Sementara itu, Kepala Desa Watulawang, Pajagoan, Kebumen, Wasita, mengemukakan alasan digelarnya Kirab Agung Palakiyah. “Selain untuk meneruskan adat tradisi leluhur, kirab ini juga dimaksudkan untuk membuka peluang pengembangan bagi upaya peningkatan dan pendapatan bagi warga. Untuk itu, kami menggandeng pihak ketiga yang berkompeten seperti STIEPAR Yogyakarta, LKJ Sekar Pangawikan, dan Yayasan Wahyu Pancasila agar pengembangan potensi alam, seni budaya, sejarah, kuliner dll bisa tepat sasaran. Kami tidak ingin pengembangan pariwisata justru merusak kearifan dan keaslian budaya Watulawang”. Lebih jauh, Kades muda yang baru menjabat tiga bulan ini menginginkan agar kelak warga Watulawang menjadi tuan rumah di wilayah sendiri bukan penonton yang tak berperan dalam pembangunan. “Pemdes Watulawang sangat berhati-hati dalam melibatkan pihak luar. Ini wujud komitmen kami kepada leluhur agar apa yang telah diwariskan bisa diberdayakan dan dikelola secara benar, berkah, dan bermanfaat bagi warga”

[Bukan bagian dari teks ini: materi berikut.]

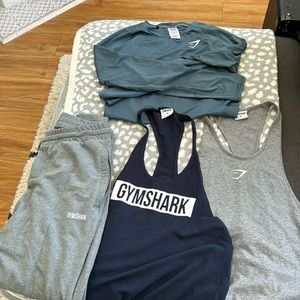 Gymshark medium string tank sweatpants long sleeve mens bundle medium M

Terkait pengembangan Watulawang sebagai desa wisata heritage, Wahjudi Djaja, S.S., M.Pd, selaku fasilitator dalam paparannya menjelaskan potensi desa di puncak Gunung Pranji itu. Selain memiliki kepundan gunung api purba, juga dikenal dengan penghasil genitri dan tembakau tali merah yang khas. Kekayaan seni budaya juga lengkap, seperti cepetan yang melegenda dan kotekan lesung, macapatan kuna serta wayang kulit, kudalumping, menoreng (angguk), jam janeng, dan calung (angklung) “Apa yang kita saksikan hari ini sesungguhnya menunjukkan kedaulatan budaya. Adat tradisi ini telah berlangsung turun-temurun, autentitas masih terjaga, dan kesakralan masih dipertahankan. Semua dikerjakan secara mandiri dan swadaya. Ini sungguh sebuah pelajaran yang amat berharga bagi bangsa Indonesia. Budaya merupakan ruh sebuah bangsa. Ini harus dijaga, dilestarikan, dan dikembangkan sesuai jatidiri dan karakternya,” tandas dosen STIEPAR API Yogyakarta ini.
Kirab dipimpin oleh R. Bambang Nursinggih, S.Sn dari LKJ Sekar Pangawikan Yogyakarta. Salah satu keistimewaan kirab ini adalah diaraknya bendera pusaka Merah Putih yang telah dikibarkan sejak zaman kemerdekaan 17 Agustus 1945. Bendera itu diserahkan secara turun-temurun sebagai amanah bagi Kades yang menjabat yang harus dijaga keamanan dan kelestariannya.